As the gravel in the Belgian waters is not of perfect quality (grain size is too small), it is mainly sand that is extracted. This sand is used in the construction industry. For major infrastructure works, such as laying gas pipelines, large quantities of sand were needed in the 1990s. The Flemish Region is currently engaged in sand extraction for coastal protection and the relaying of the beach. Sand prospecting and extraction are carried out in specific areas on the Belgian Continental Shelf.
Under the new legislation, to obtain a licence for sand and gravel extraction a concession application and environmental impact report must be submitted. The environmental impact report is subject to an environmental impact assessment: OD Nature (MUMM) appraises the acceptability of the activity for the marine environment. This appraisal is submitted to the minister responsible for the marine environment, who in turn submits an opinion to the Federal Minister of the Economy. The opinion of the minister responsible for the marine environment is binding: if the opinion is negative, no concession can be granted.

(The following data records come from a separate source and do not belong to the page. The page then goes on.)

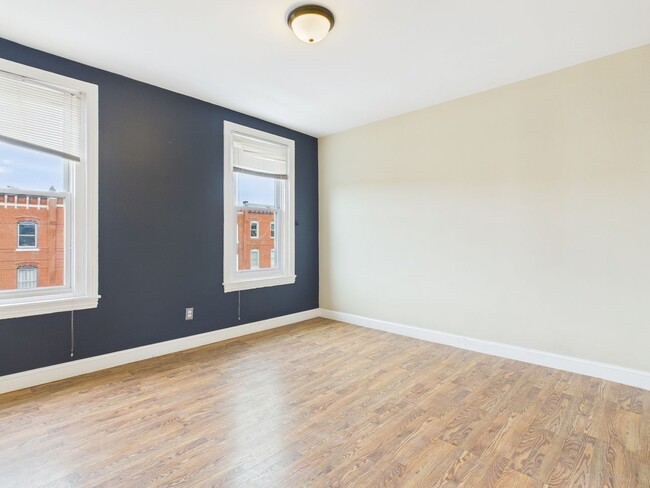 Building Photo - 2914 W Girard Ave
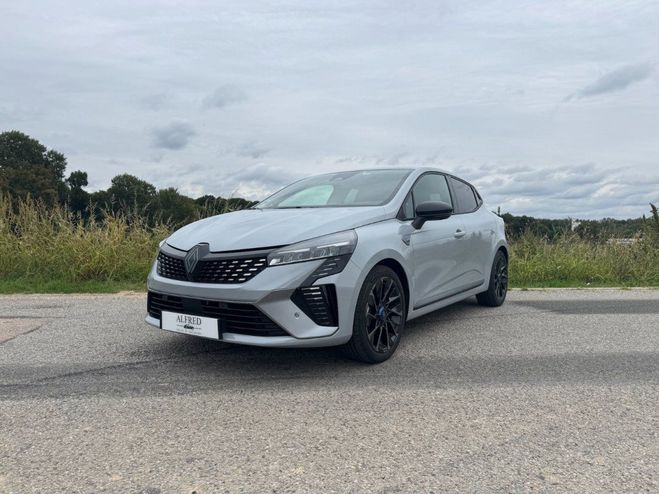 Renault Clio 1.6 E-Tech 145ch full hybrid esprit Alpi GRIS CLAIR de 2024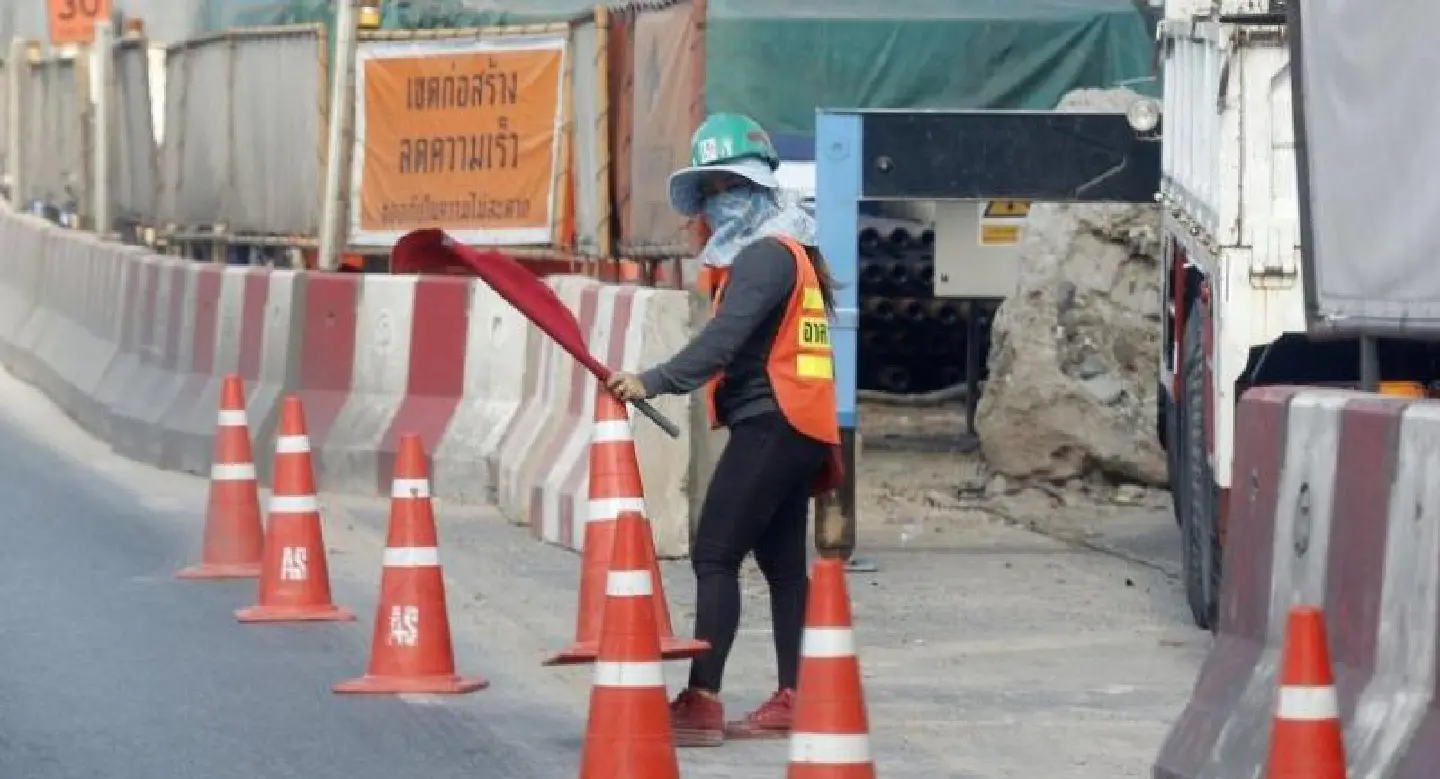 Modest variable minimum wage hike comes under criticism from workers and employers Modest variable minimum wage hike comes under criticism from workers and employers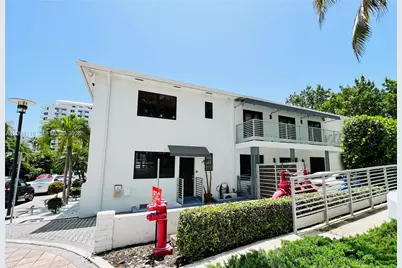1470 Lincoln Ter #1, Miami Beach, FL 33139 - Photo 2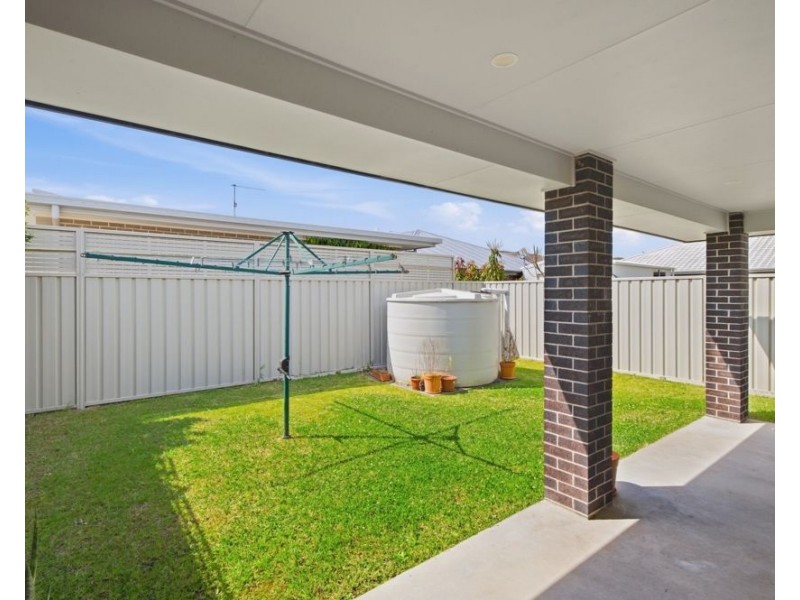 11-11A Seabeach Street, Sandy Beach NSW 2456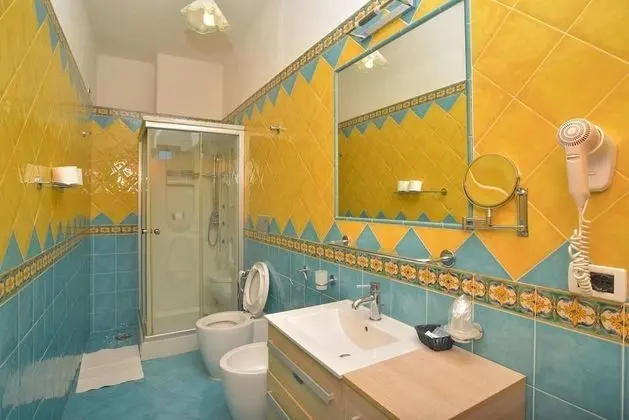 Superior Tek Büyük Yataklı Oda, Balkon, Deniz Manzaralı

The concessions are coupled with a remuneration that is used by the government for continuous research into the effects of extraction on the marine environment. OD Natural Environment uses mathematical models to study the transport of sediment that is disturbed by extraction. The study seeks to determine the conditions for sustainable development and to differentiate between human impact and natural variability as a result of storms, for example. All extraction vessels must be equipped with an automatic recording system, the so-called black box. The black boxes record a number of parameters, such as vessel identification, route, date, time, position, speed, status of pumps, etc. Management of the recording device and data processing is the responsibility of OD Nature on behalf of the Federal Ministry for the Economy. This makes it possible to ensure that the conditions laid down in the concession decision are respected.
At international level, the impact of sand and gravel extraction at sea is being studied by the WGEXT working group within ICES, of which OD Natural Environment is an active member. The OSPAR Convention also states that member states must take into account the ICES guidelines, given that sand and gravel extraction is a human activity with a possible impact on marine ecosystems and habitats.